Au 1er février 2004, le Haut Commissariat aux Affaires culturelles du XIU prît une décision qui fit date : tous les documents officiels devaient être typographiés dans la police de caractères « Times » de taille 14, et non plus en « Courier New » de taille 12 comme cela se faisait depuis des décennies.

Il est pour le moins étrange de constater qu’en parallèle les tenants de la Culture académique (qui la dénomment entre eux depuis bientôt un demi-siècle « contre-culture »), se sont entichés de la fonte Courier, celle-là même qui vient d’être abandonnée… Pas un site de l’internet sur la littérature électronique qui n’en fasse usage !

Or, déjà pointe en 2007, l’arrivée d’une autre police appelée à remplacer « Times », la « Calibri », digne progéniture issue de l’union consommée entre Times et Arial.

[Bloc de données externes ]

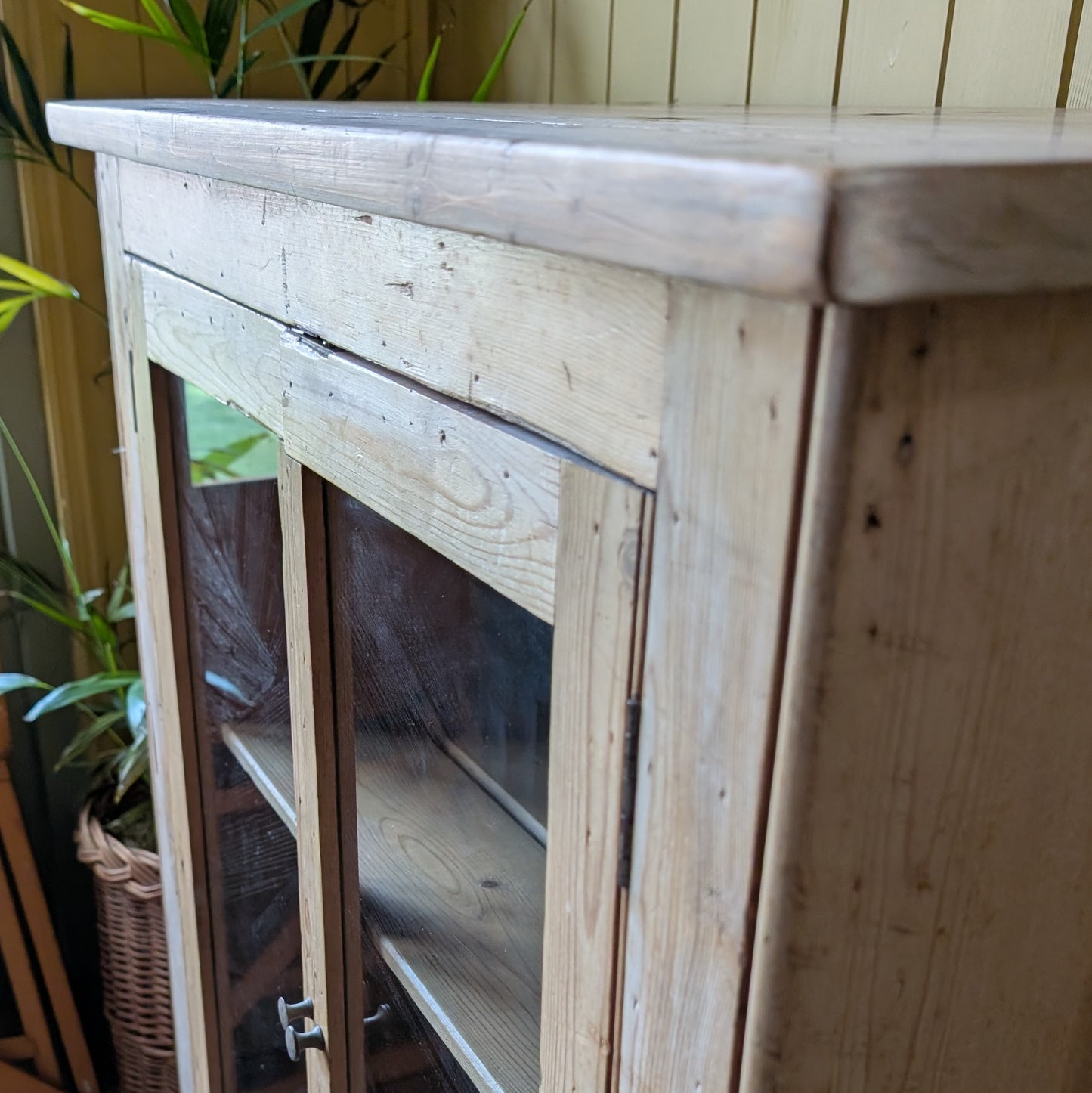 Small Victorian Glazed Pine Cabinet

L’uniformisation du monde passe maintenant par le sérif avec des accents de « sans » … Titrage et corps de texte pourront être logés à la même enseigne. La mise en page est désormais régie par la feuille de style obligatoire. Tous les fondeurs indépendants ont d’ailleurs disparu. Aujourd’hui, fabriquer artisanalement une police de caractère constitue un acte de rébellion caractérisé ; nul ne peut conférer au texte une apparence qui n’ait pas été commercialement approuvée par le Consortium de la Lettre.

Enfin, n’oublions pas que l’objectif à terme, malgré une volonté officielle et affichée de respecter toutes les singularités linguistiques et culturelles, est de faire coexister uniquement trois polices de caractères dans le monde : une latine (la Calibri dans sa version anglo-saxonne), une chinoise et une arabe. Les autres langues du globe sont sommées de choisir l’une ou l’autre de ces polices.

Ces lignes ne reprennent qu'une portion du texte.